Case: 08-50792 Document: 00511287374 Page: 1 Date Filed: 11/08/2010
IN THE UNITED STATES COURT OF APPEALS
FOR THE FIFTH CIRCUIT United States Court of Appeals
Fifth Circuit
FILED
November 8, 2010
No. 08-50792
Summary Calendar Lyle W. Cayce
Clerk
UNITED STATES OF AMERICA,
Plaintiff-Appellee
v.
TAYRELL RICHARD LARRY,
Defendant-Appellant
Appeal from the United States District Court
for the Western District of Texas
USDC No. 6:99-CR-90-ALL
Before JOLLY, GARZA, and STEWART, Circuit Judges.
PER CURIAM:*
Tayrell Richard Larry, federal prisoner # 03016-180, seeks leave to appeal
in forma pauperis (“IFP”) from the denial of his motion to reconsider his 18
U.S.C. § 3582(c)(2) motion. In 2000, Larry was convicted of distribution of crack
cocaine, aiding and abetting. He was sentenced to 235 months of imprisonment.

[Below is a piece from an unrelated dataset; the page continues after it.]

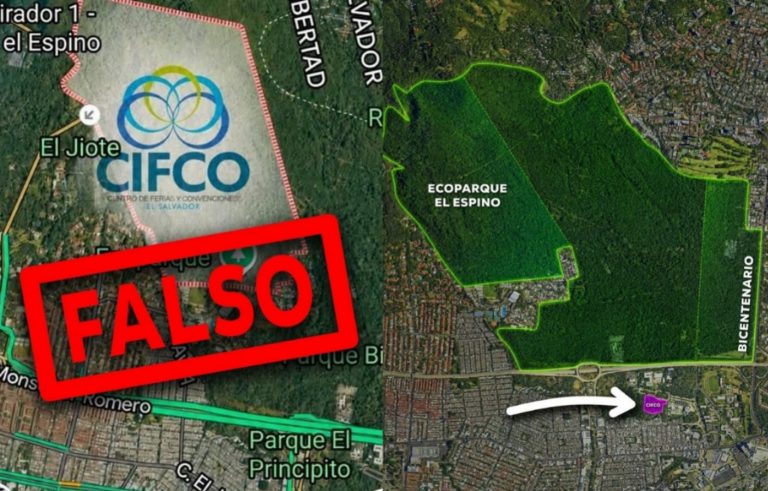 MOP afirma que nuevo CIFCO no será construido en El Espino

The district court granted Larry’s § 3582(c)(2) motion, reduced his offense level
by two levels pursuant to Amendment 706 to the Sentencing Guidelines, and
imposed a sentence of 188 months of imprisonment. Larry argues that he should
*
Pursuant to 5TH CIR . R. 47.5, the court has determined that this opinion should not
be published and is not precedent except under the limited circumstances set forth in 5TH CIR .
R. 47.5.4.
Case: 08-50792 Document: 00511287374 Page: 2 Date Filed: 11/08/2010
No. 08-50792
have received a further reduction in his sentence because the district court used
the amount of crack cocaine attributable to him as relevant conduct rather than
the .94 grams to which he admitted distributing. He contends that the district
court’s consideration of a larger amount of crack cocaine in determining his base
offense level violates the holding of Apprendi v. New Jersey, 530 U.S. 466 (2000).
He also argues that his sentence is unreasonable under United States v. Booker,
543 U.S. 220 (2005).
By moving to proceed IFP, Larry is challenging the district court’s
certification decision that his appeal was not taken in good faith because it is
frivolous. See Baugh v. Taylor, 117 F.3d 197, 202 (5th Cir. 1997) (discussing
appellate review when permission to proceed IFP on appeal is denied).
Larry’s arguments regarding the district court’s consideration of relevant
conduct and the constitutionality of his sentence in light of Apprendi are not
appropriately brought in a § 3582(c)(2) motion. A § 3582(c)(2) motion may not
be used to challenge a district court’s calculation of an original sentence or to
contest the appropriateness of the sentence. United States v. Whitebird, 55 F.3d
1007, 1011 (5th Cir. 1995). Additionally, the Booker reasonableness standard
does not apply in § 3582(c)(2) proceedings. United States v. Evans, 587 F.3d 667,
672 (5th Cir. 2009), cert. denied, 130 S. Ct. 3462 (2010).
Larry has failed to show that he will raise a nonfrivolous issue on appeal.
See Howard v. King, 707 F.2d 215, 220 (5th Cir. 1983). Accordingly, his motion
for IFP is DENIED. Because the appeal is frivolous, it is DISMISSED. See 5 TH
C IR. R. 42.2. Larry’s motion for the appointment of counsel is DENIED.